FOSHAN, Guangdong - While Spring Festival is traditionally the time of year when migrant workers from all over China leave their jobs in big cities to return to their hometowns for family gatherings, an increasing number are now choosing to celebrate the holiday in their adoptive homes.
Out of the 1.4 million migrant workers in Foshan city, a manufacturing hub in the Pearl River Delta region, 570,000 decided to welcome Spring Festival in the city this time and not make the trek "home".
Hu Xiaoyan was among them.
Hu, 37, a native of Sichuan province in Southwest China, was the first migrant worker to be elected to the National People's Congress (NPC), the country's top legislative body.

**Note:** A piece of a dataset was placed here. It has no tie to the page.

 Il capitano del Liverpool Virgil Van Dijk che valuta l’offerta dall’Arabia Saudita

She has been in the city for 13 years and, in 2009, one year after Hu became the deputy of the NPC, she was able to get a local hukou - the official residency certificate - that now makes her an official resident of Foshan, instead of her rural birthplace in Sichuan. It was only then that she took her twin daughters to the city where she works.

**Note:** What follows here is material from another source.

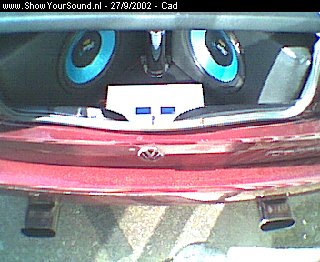 showyoursound.nl - C.A.D.s Corrado G60 - cad - image6.jpg - The trunk of the car with the amplifier , subs and 1f power-cap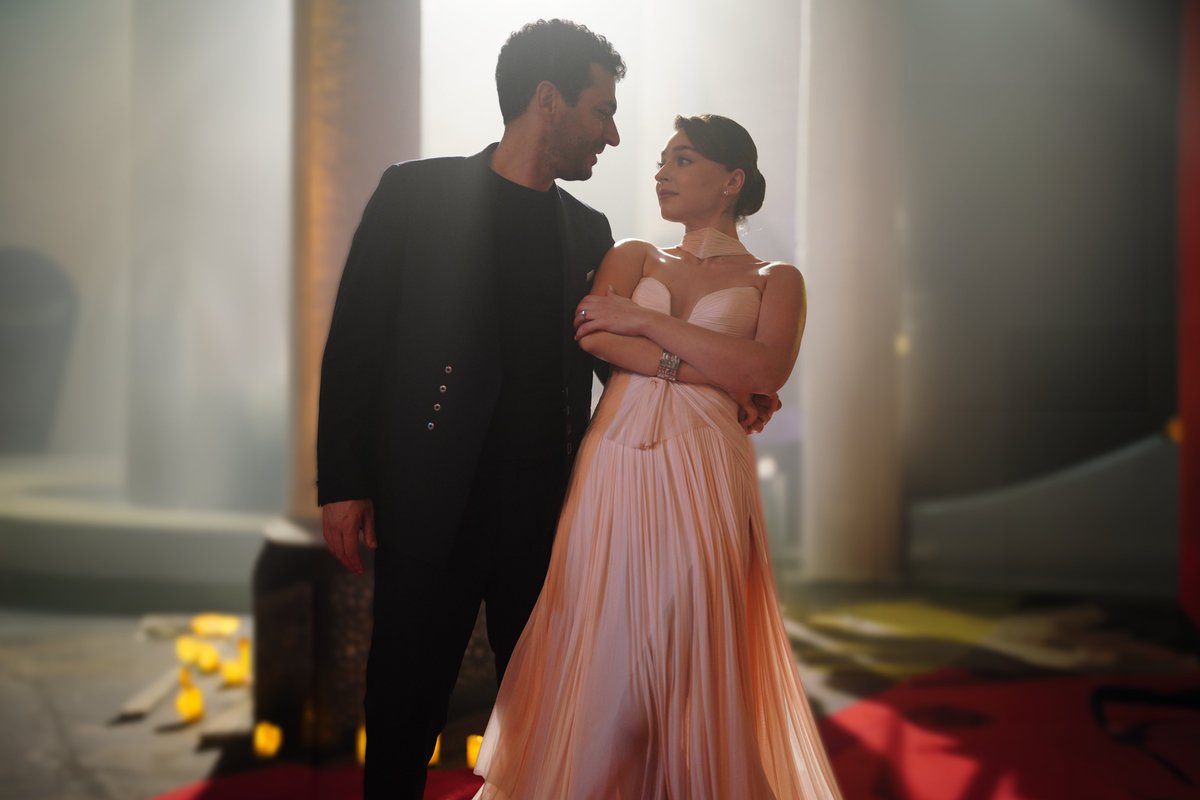 gullergunahlar's tweet photo. Bakın setten neler gelmiş! 🥳 
Çok güzel değiller mi? 😍

#GüllerVeGünahlar yeni bölümleriyle her cumartesi 20.00’de #KanalD’de!

@kanald @ngmediatv https://t.co/2g7eK6McDR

Without a hukou, Hu's children were not entitled to receive a free government education in the city because such schools are reserved for people with a Foshan hukou.
Facing the loss of its labor force, Guangdong's Foshan city introduced a series of local policies and regulations aimed at attracting migrant workers to settle down permanently in the city and one of the measures is offering residency status. Under the innovative score-based program adopted by the local government last year, a migrant worker needs to accumulate a certain number of points - based on such parameters as academic background, volunteer work and social insurance payments - to get a local hukou.
The city aims to grant 10,600 hukou within one year.
"The future is still an uncertainty and I don't know how much longer we will stay here," said Hu. "But I am in love with this city. I am a fan of the local soup and am no longer used to the spicy food of my hometown."
Guangdong province, as one of the first regions in China to benefit from the policies of reform and opening-up, has more than 26 million migrant workers, among which 14 million were born during the 1980s - the so-called new generation of migrant workers.
And many of the new generation of migrant workers are eager to become part of the cities where they now live.
"Unlike the older generation who only work in the cities, more than 70 percent of the new generation of workers are willing to also live in the cities," said Liang Guiquan, director of the Guangdong Academy of Social Sciences.
"They want to earn respect and be part of the city."
Chinese rural residents have been migrating to towns and cities since the late 1970s when the reform and opening-up policies meant fewer farmers were needed to work on the land and more workers were needed in the factories.
Currently, about 150 million migrant workers do jobs in cities, largely as construction laborers and in the service industry.